Travailler dans l’art, c’est avant tout une affaire d’émotion pour elle. Une émotion qui se ressent lorsqu’elle parle de son métier : « On est dans un rapport intime avec les artistes, les clients potentiels, l’œuvre. D’ailleurs, si on donne notre nom à nos galeries, ce n’est pas parce qu’on a un ego surdimensionné, c’est parce que l’amateur d’art ou le client potentiel aime voir l’humain qui est derrière. »
« Ça fait peur d’entrer dans une galerie »
Ces clients potentiels, il faut aussi aller les chercher. Un des nombreux métiers insoupçonnés des galeristes : la communication. « Ça fait peur d’entrer dans une galerie. On peut se dire que c’est cher, pas accessible, qu’il faut forcément acheter tout de suite, qu’on ne va pas être à la hauteur, admet Sandra Blum, qui propose des œuvres valant entre 100 et 5 000 euros environ. Mais nous on est là pour expliquer ce que font les artistes, ouvrir le regard, proposer des choses. Moi j’accueille tout le monde de la même façon. »

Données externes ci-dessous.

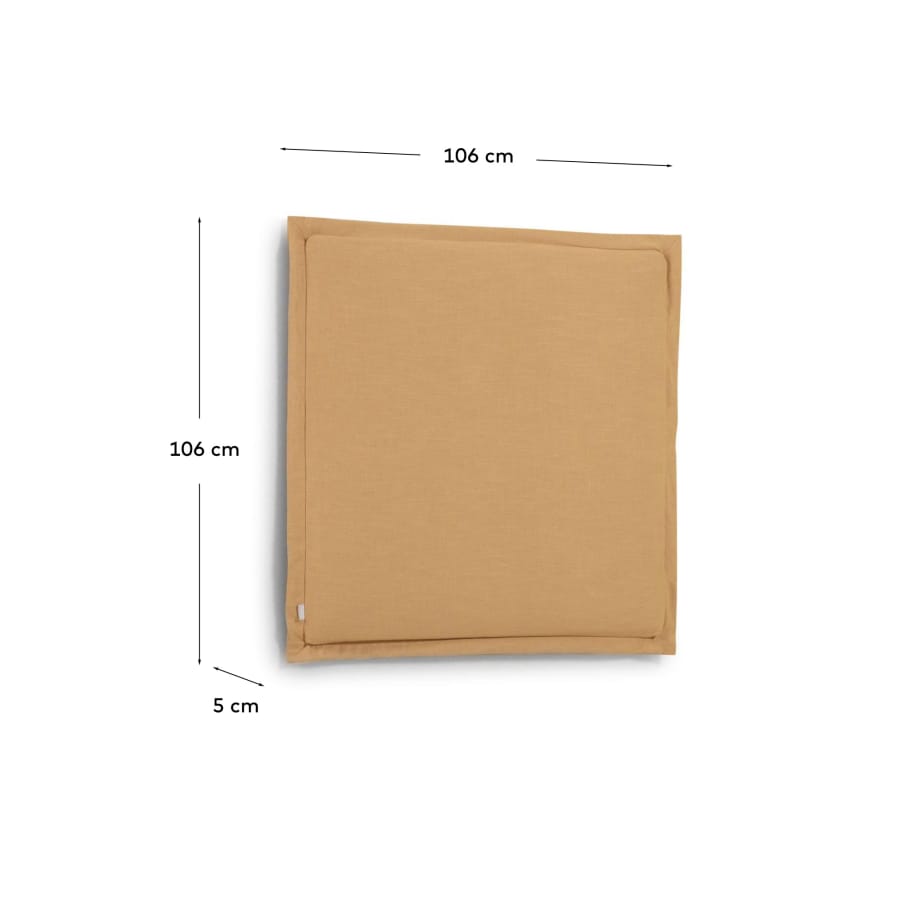 Capçal desenfundable Tanit de lli mostassa per a llit de fins a 90 cm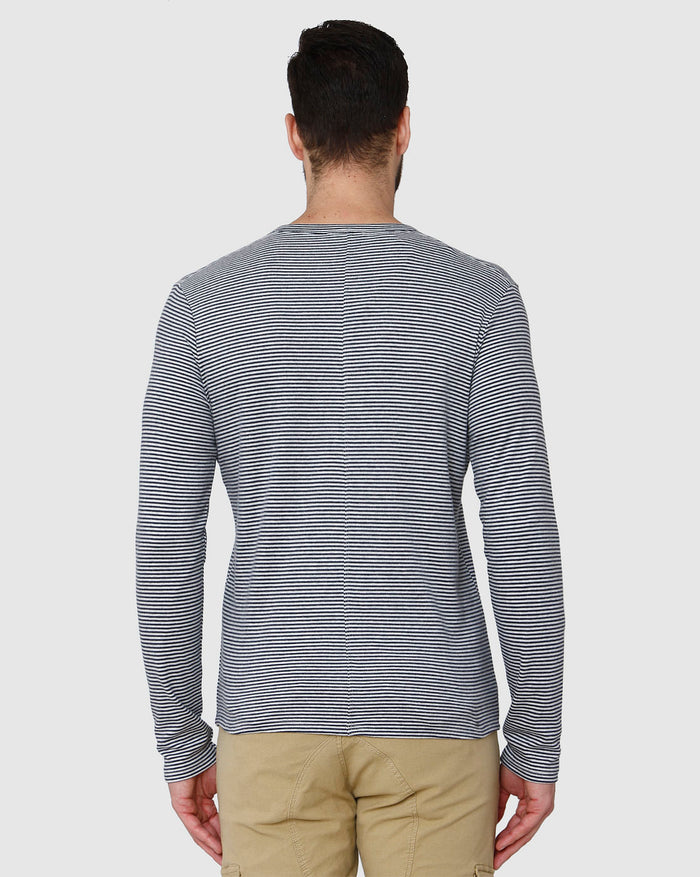 Grey Striped Crew Neck T-Shirt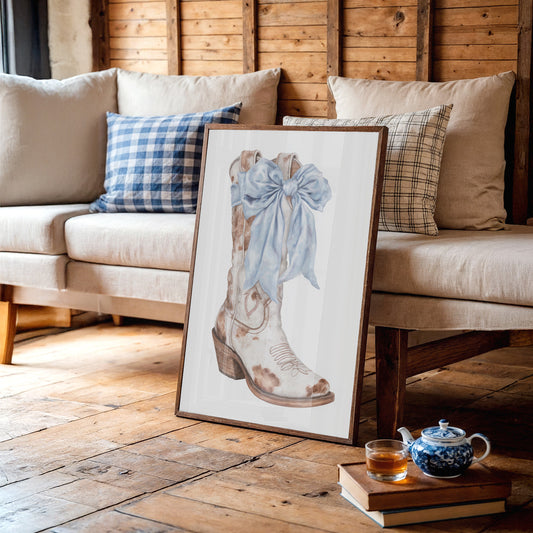 Blue Ribbons Dance On Ranch Leather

Lever les freins qui empêchent le public de pousser les portes des galeries d’art, c’est aussi le but du Strasbourg galeries tour. L’événement, porté par la toute récente association de galeries, est proposé pour la cinquième fois dans la capitale européenne. Une quinzaine de galeries contemporaines, dont celle de Sandra Blum, seront ouvertes de concert ce week-end, dès vendredi soir.